У другого автора этот довольно экстравагантный и сложный план вылился бы в бесконечную трагикомедию или мелодраму, которые тогда были в моде. То, что Бомарше смог создать на этой основе такую блестящую пьесу, как «Женитьба», свидетельствует не только о его прекрасном знании театра, но и о его гениальности. Да, Бомарше был самым настоящим – подчеркиваю это – гениальным драматургом, что бы там ни говорили о влиянии на него других авторов или о его подражании Расину и Аристофану в сцене суда, которой начинается третий акт.
А тот факт, что самая лучшая французская пьеса XVIII века долго не могла пробиться на сцену, имел политическую подоплеку.
После того как текст пьесы был восторженно принят труппой «Комеди Франсез», его, по просьбе Бомарше, передали на отзыв цензору Коклю де Шоспьеру. Тот пьесу в целом одобрил, но попросил сделать несколько незначительных купюр.
Далее, по неизменной традиции, рукопись представляли на суд короля. Г‑жа Кампан рассказывала, что, прочтя пьесу, Людовик XVI назвал ее отвратительной и непригодной для постановки на сцене. Остракизм, которому была подвергнута «Женитьба», заставляет поверить г‑же Кампан, хотя не все ее мемуары верно отражали современную ей действительность.
Чтобы добиться отмены королевского запрета, Бомарше принялся разжигать любопытство публики к своей пьесе, устраивая то тут, то там в Париже ее чтения, весьма хитроумно обставленные.
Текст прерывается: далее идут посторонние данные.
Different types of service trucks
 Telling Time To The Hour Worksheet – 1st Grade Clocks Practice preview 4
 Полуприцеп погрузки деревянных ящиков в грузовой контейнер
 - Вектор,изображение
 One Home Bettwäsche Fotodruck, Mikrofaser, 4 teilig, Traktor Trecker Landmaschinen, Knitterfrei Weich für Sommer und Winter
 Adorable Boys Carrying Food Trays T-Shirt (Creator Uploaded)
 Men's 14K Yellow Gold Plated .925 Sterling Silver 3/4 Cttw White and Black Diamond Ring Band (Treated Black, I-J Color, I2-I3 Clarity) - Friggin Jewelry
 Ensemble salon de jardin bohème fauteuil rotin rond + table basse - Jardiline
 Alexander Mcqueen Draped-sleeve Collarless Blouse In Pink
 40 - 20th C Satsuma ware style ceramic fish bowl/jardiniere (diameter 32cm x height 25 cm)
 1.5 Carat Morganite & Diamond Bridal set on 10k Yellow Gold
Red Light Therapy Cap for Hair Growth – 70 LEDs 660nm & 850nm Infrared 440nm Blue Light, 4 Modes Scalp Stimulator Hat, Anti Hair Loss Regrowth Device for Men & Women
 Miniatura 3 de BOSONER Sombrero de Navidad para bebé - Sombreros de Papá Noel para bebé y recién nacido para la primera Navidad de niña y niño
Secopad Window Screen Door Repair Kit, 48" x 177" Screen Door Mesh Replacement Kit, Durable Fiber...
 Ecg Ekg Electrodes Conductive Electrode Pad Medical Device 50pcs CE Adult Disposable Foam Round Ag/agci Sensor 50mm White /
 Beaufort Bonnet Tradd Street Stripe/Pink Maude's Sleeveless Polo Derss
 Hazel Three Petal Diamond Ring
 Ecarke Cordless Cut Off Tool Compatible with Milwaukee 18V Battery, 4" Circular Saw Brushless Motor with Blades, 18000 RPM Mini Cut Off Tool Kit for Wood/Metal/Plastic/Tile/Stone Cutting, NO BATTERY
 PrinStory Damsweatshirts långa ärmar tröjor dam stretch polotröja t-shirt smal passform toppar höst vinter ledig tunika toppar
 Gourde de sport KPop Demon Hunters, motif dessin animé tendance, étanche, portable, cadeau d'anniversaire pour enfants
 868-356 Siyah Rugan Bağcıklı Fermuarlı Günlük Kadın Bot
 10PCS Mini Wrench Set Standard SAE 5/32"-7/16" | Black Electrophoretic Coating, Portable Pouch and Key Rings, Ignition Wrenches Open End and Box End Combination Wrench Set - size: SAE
Для рукописи пьесы он сделал элегантный переплет, на обложке, увитой розовыми лентами, изумительным каллиграфическим почерком написал: «комическое произведение». Чтение пьесы автор предварял вступительным словом, текст которого не вошел в полное собрание его сочинений; в нем он безо всякого стеснения говорил следующее:
«Перед тем как приступить к чтению пьесы, я должен, сударыни, рассказать вам один случай, свидетелем коего был я сам.
Начинающего писателя, приглашенного на ужин в один дом, стали упрашивать прочитать какое‑нибудь из своих произведений, о которых ходило много разговоров в свете. Его уговаривали и так, и эдак, даже прибегли к лести, а он – ни в какую. Тогда кто‑то из присутствующих решил пошутить и сказал писателю: „Сударь, отказывая нам в том, что в глубине души горите желанием отдать, вы похожи на самую изощренную кокетку“.
„Вы даже не подозреваете, – заметил в ответ автор, – насколько точно ваше сравнение; у писателей и красоток частенько бывает одинаковая судьба: и тех и других забывают сразу же, как только они сдались. Острое и всепоглощающее любопытство, которое вызывает еще не прочитанное произведение, чем‑то сродни страстному любовному желанию. Получив вожделенное, вы заставляете нас краснеть из‑за того, что нам не достало прелестей, дабы привязать вас к себе.
Будьте же справедливы или ничего не требуйте. Наша участь – труд, ваша – стремление насладиться им, но ничто не может смягчить ваше отношение к нам. Слыша ваши несправедливые оценки, мы чувствуем себя, словно те самые красотки! Во всех других ситуациях виновные стараются вести себя как можно скромнее, здесь же достается без вины виноватым, которые не смеют и глаз поднять; но (добавил молодой автор) дабы сходство было совсем полным, я, предвидя последствия своего шага и проявляя непоследовательность и бесхарактерность, словно красотка, уступаю вашим уговорам и прочту вам сейчас свое произведение“.
И прочел, и гости раскритиковали его; сейчас я сделаю то же самое, что сделал этот молодой писатель, а вы сделаете то, что сделали его слушатели».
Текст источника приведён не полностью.